The latest effects of inflation and supply chain troubles have hit Falls Church High School hard as district staff and school board members try to find ways to mitigate the impact of rising costs on the school’s ongoing renovation. The project, which began last spring, is slated to increase the building’s square footage, capacity for students and update aging facilities.
Planning for the project began in 2017, after Fairfax County voters approved a bond measure that provided funding for the design of the renovations and addition. In June 2020, Fairfax County Public Schools staff presented the school board with a $107 million price tag for the renovation, a number derived from the architectural plan created by Perkins Eastman and current material and labor prices.
Fairfax County Public Schools, which owns 198 schools and centers, funds its major capital improvements through bonds. In November 2021, voters approved a $360 million bond that earmarked $130 million towards the renovation of Falls Church High School, according to documents released by the district. Subsequently, Fairfax County Public Schools solicited bids from construction contractors to build the updates to the school.
The lowest bid came from Grunley Construction, a Shady Grove, Maryland, based contractor that submitted a bid price of $142.6 million. Fairfax County Public Schools later negotiated the contract down to $133.6 million.
In negotiations, Fairfax County Public Schools staff worked with Grunley on a “value engineering process” which resulted in thirteen modifications to the original plan for Falls Church High School. This process is done for every major capital improvement project, according to people familiar with the matter.
The largest reductions in cost came from revising the plan for updated athletic facilities. Deferring work on baseball, softball, press box and sports lighting facilities reduced renovation costs by $3.1 million. Additional cost saving measures include material and product substitutions, saving the district $1.3 million. This involves substituting finishes “with durable, but more cost-effective materials” in areas such as drywall, tiling and a gymnasium wood floor, according to documents reviewed by the News-Press.

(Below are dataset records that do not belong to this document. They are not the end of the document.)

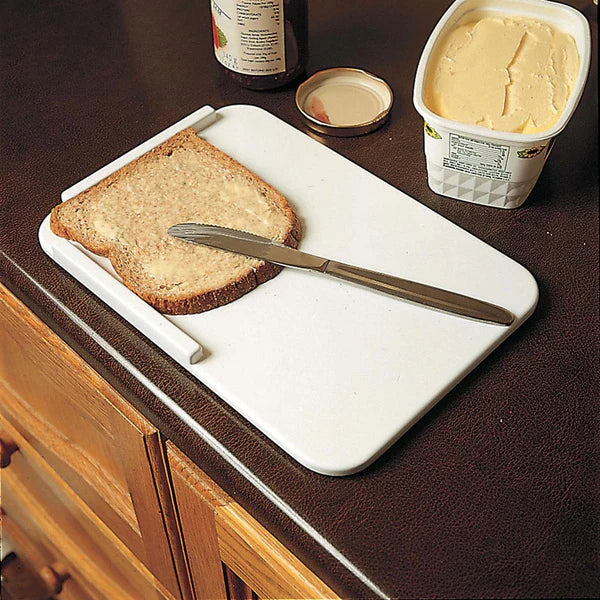 Homecraft Plastic Spread Board by Instacare Shop, featuring a durable, lightweight design for easy food preparation.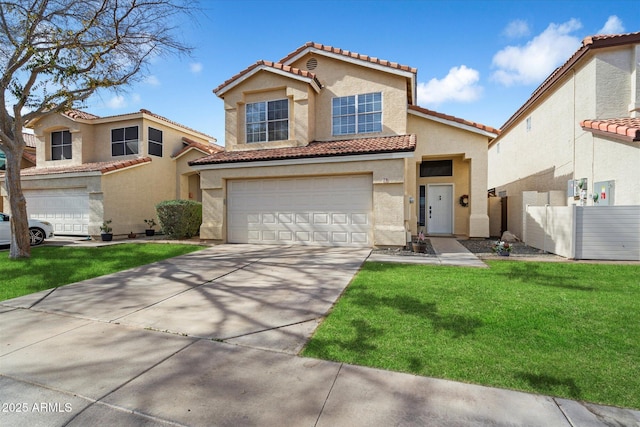 mediterranean / spanish home with a garage and a front yard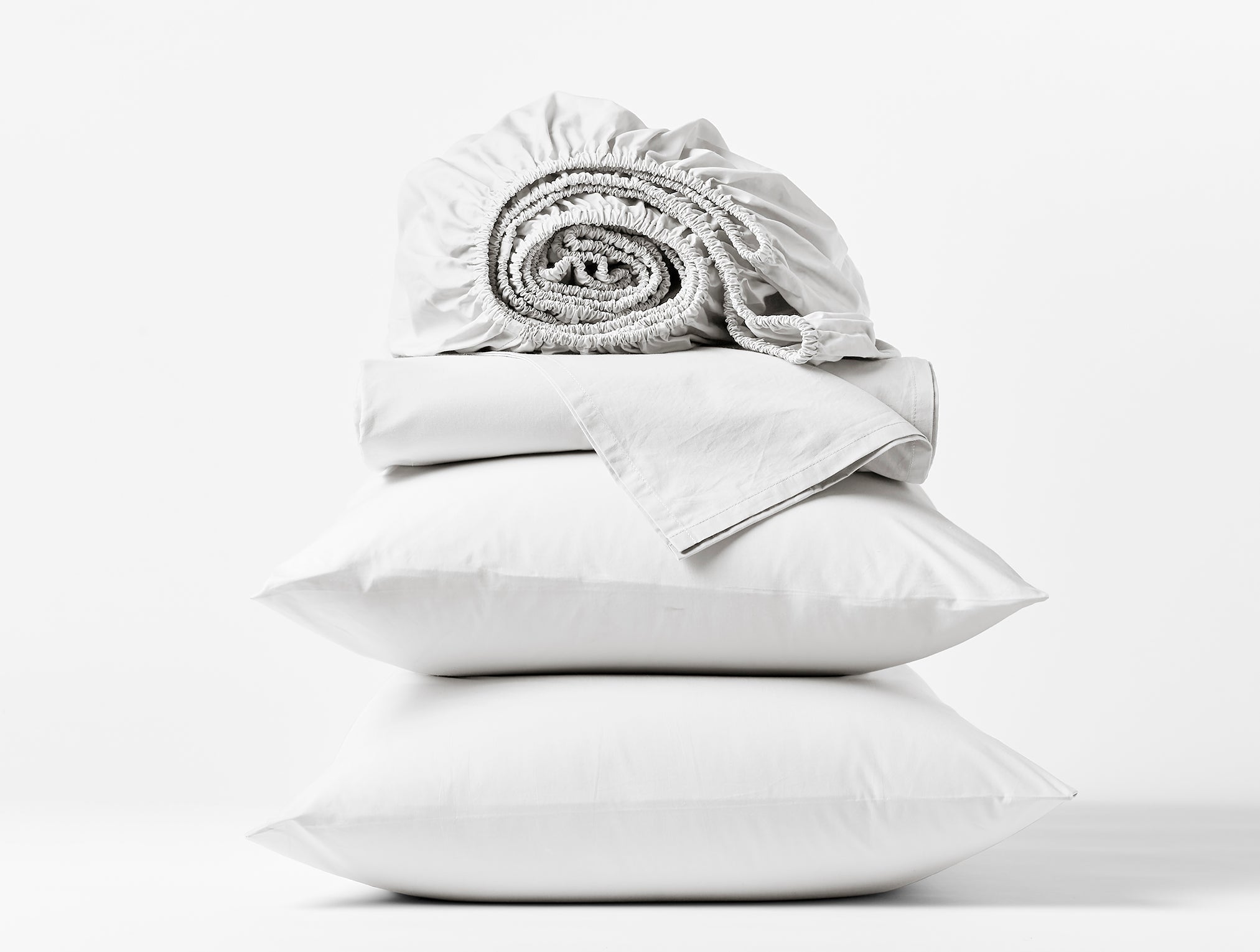 Coyuchi Refined Organic Cotton Percale Sheet Set in Alpine White – stacked display with pillows and folded sheets. #colour_alpine white
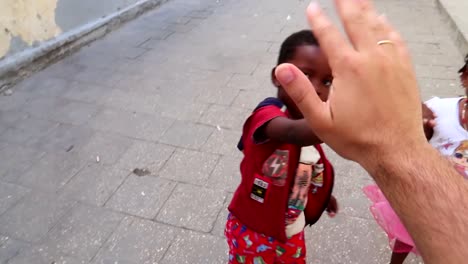 Tourist-man-playing-with-some-African-kids-by-high-fiving-them-in-a-street-of-Zanzibar,-Tanzania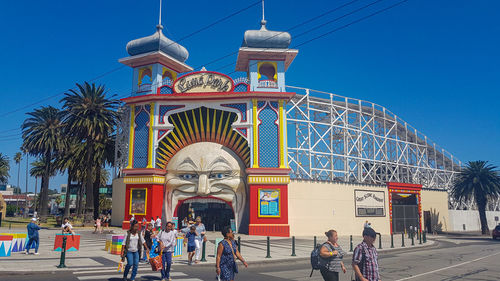 People at amusement park against blue sky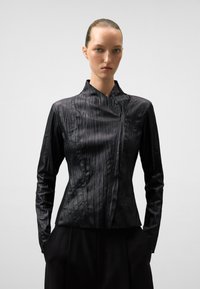 Blusa nera strutturata con maniche lunghe, caratterizzata da pieghe verticali, colletto alto e una texture di tessuto liscia e leggermente lucida.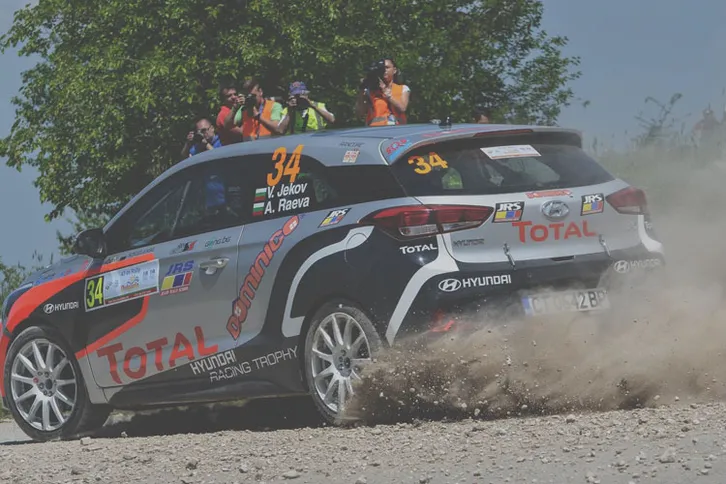Rally Hyundai taking a corner with a drift at a rally event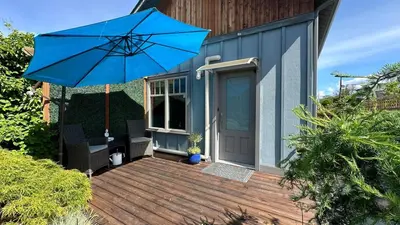 a blue umbrella sitting on top of a wooden deck at Getaway Carriage House - Great Location! Private! in Penticton
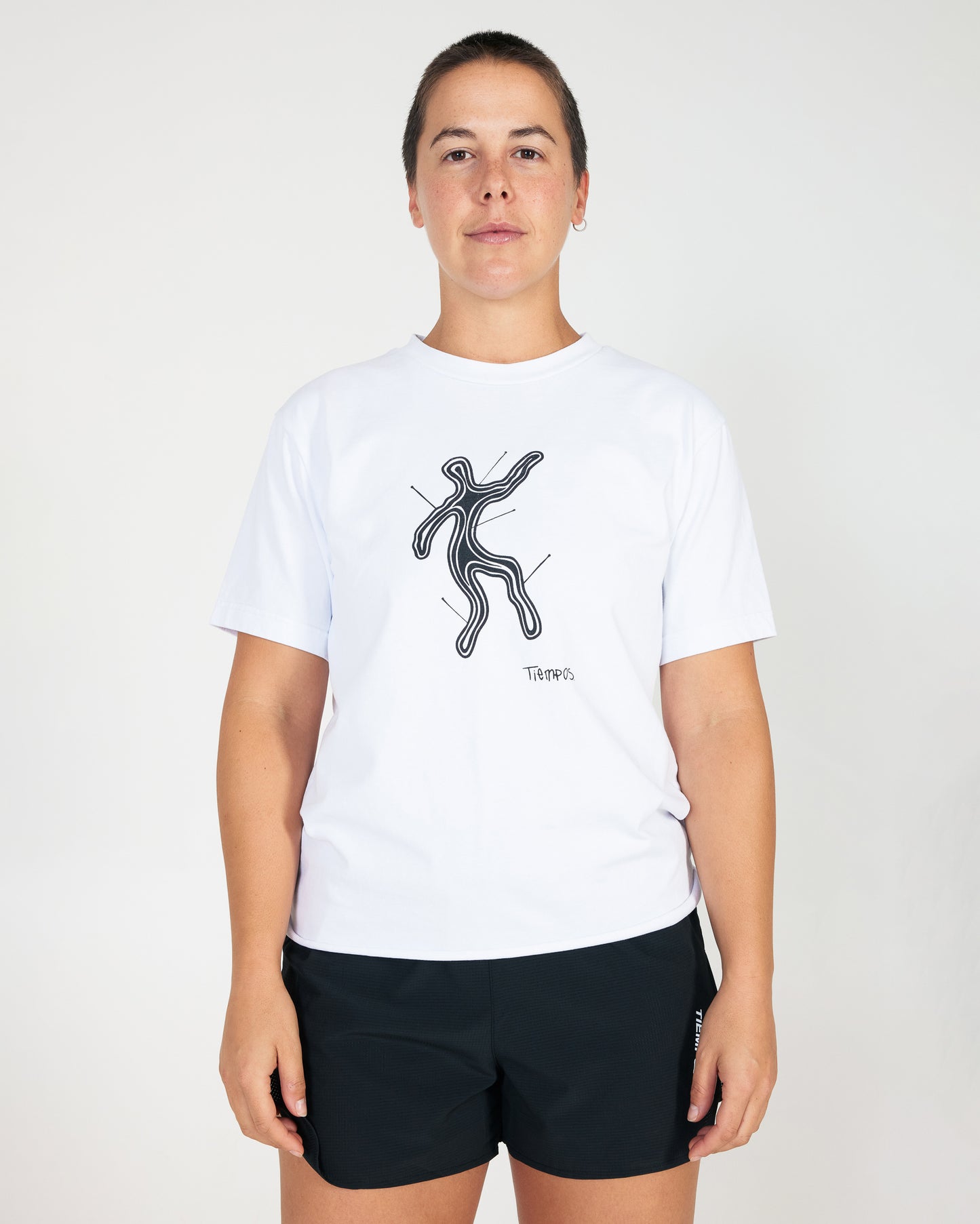 Person wearing a white t-shirt with a black graphic design on a plain background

Other features have been cut all together. A planned bridge over the cafeteria that would have connected two hallways for improved egress was scrapped to save $221,000. Plans for solar hot water heating and the conversion of the auxiliary gym to a courtyard have also been removed.
Some responsibilities have been shifted out of the contractor’s scope of work, including invasive species remediation, furniture removal for classroom moves, and lead paint abatement, which will now be handled by the Office of Facilities Management.
In instances of altered or removed features, people familiar with the planning said those elements could be added back in later rounds of funding.
Falls Church High School, whose renovation is considered long overdue by many in the community, occupies the building of the former Whittier Intermediate School, a building constructed in 1959. Capacity enhancements were made in 1989, but much of the original building from nearly 65 years ago remains untouched and still in use. A 2008 report by consulting firm Samaha Associates found the building’s code compliance severely deficient. Falls Church High School will be the last high school in the county to get a sprinkler system.
Paula Prettyman, the vice president of the PTSA at Falls Church High School, said she hopes the renovation will be equitable.
“The FCHS community shouldn’t have to take cuts because of inflation,” she said.
Prettyman and other parents in the PTSA and Athletic Boosters organizations plan to “audit” the project later in the construction by comparing its features to other recently renovated high schools, like Fairfax High School and Oakton High School.
Craig Day, a Falls Church High School alum, former substitute teacher and track coach said the school community has waited long enough for the renovation for it to be cut back by pandemic related cost increases.
“I want the best for Falls Church,” Day said.